■ **Data**:
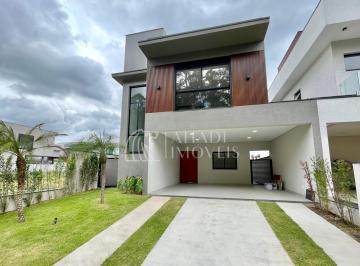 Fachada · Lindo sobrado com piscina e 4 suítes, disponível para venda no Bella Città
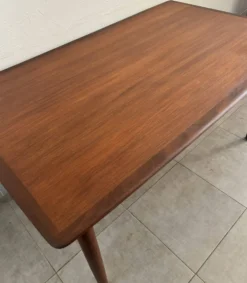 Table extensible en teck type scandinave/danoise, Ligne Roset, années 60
...
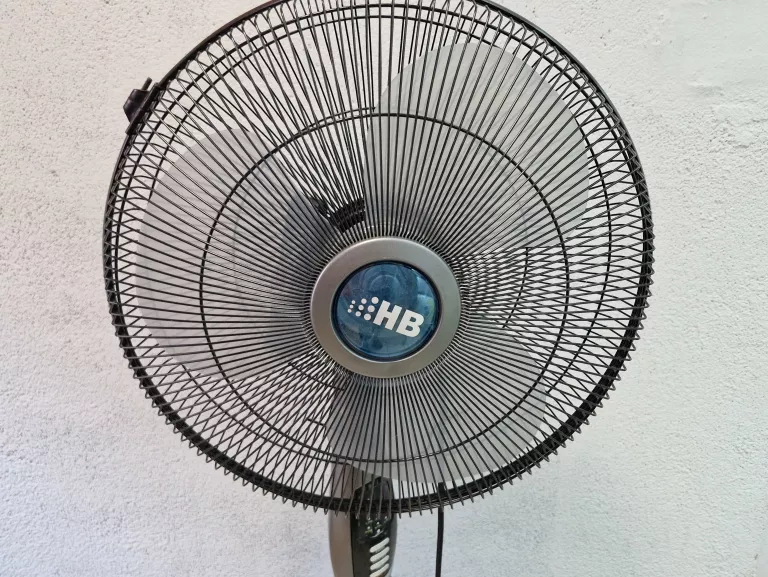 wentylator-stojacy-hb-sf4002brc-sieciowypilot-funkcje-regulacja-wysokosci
--
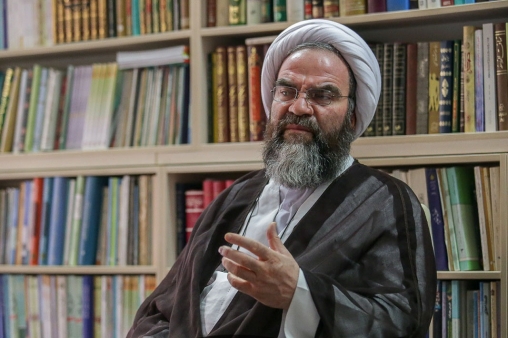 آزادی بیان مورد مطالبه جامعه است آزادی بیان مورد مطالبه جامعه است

■ **Work to complete**: Up in the listing, locate the line with "Fachada · Lindo"; print it and every line after it down to the line with "Table extensible en", which is included too. Skip the pictures.

■ **Answer to the problem**:
 Fachada · Lindo sobrado com piscina e 4 suítes, disponível para venda no Bella Città
 Table extensible en teck type scandinave/danoise, Ligne Roset, années 60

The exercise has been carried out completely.